Cesium for unity with windows 7

Hi everyone,

I’m currently trying to run Cesium for Unity on a machine with Windows 7, but it seems unsupported officially. I’ve checked the documentation and found that Cesium requires Windows 10 or newer, likely due to Unity version and system dependencies.

Unfortunately, upgrading to Windows 10 is not an option for this particular system at the moment (due to legacy software constraints). So I’m wondering:

  • Has anyone managed to get Cesium for Unity working on Windows 7?
  • Are there any workarounds, compatibility layers, or older Cesium versions that might still work on Win7?
  • Alternatively, is it possible to run the Cesium plugin in headless/server mode or with minimal graphics requirements?

Any help, experience, or creative workaround would be greatly appreciated!

Thanks in advance.

Hi @jkldsajkdlsa, welcome to the community!

Please see my answer here to a similar question regarding Cesium for Unreal:

We’ve never supported Windows 7 in any version of Cesium for Unity or Cesium for Unreal, as this OS was out of support before the very first release of either.

If you don’t need any graphics capabilities, you may want to take a look at Cesium Native, which is the low-level library underlying both products:

Really appreciate the clarity — it’s always nice to get official confirmation that something is completely unsupported.

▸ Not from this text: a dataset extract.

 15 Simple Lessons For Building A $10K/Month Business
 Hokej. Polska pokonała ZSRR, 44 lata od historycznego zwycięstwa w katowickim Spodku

Saves a lot of trial and error… and a good deal of silent, misguided optimism. :sweat_smile:

After digging into the crash, I found that Cesium Native uses WinRT APIs — which of course are nowhere to be found on Windows 7. So that explains the spontaneous combustion.

Since modernizing the environment isn’t on the table, I tracked down a Windows Server 2012 machine (which somehow counts as “new” in this context), got Cesium working there, and started playing with render streaming, trying to pipe frames over to the Win7 box like it’s 1999 and VNC just got cool again.

Now I’m deep in WebRTC config hell on Server 2012 — because naturally, the fun never ends — but progress is progress. If I can’t bring the system forward, maybe I can just stream the future back to it.

Thanks again — it’s genuinely helpful to know where the boundaries are, even if we only learn them by crashing headfirst into them.

Best,

I’m actually surprised to hear we’re using WinRT APIs @jkldsajkdlsa, unless Visual Studio just does that “by default” these days? Do you have any more details on that?

In any case, cesium-native is pure standard C++ code, with very little dependency on any specific system capabilities. So I would hope that it wouldn’t be hard to get it running on most any system for which a working C++20 compiler is available.

Of course, that could just be some of that misguided optimism you mentioned. We’ve never tried it.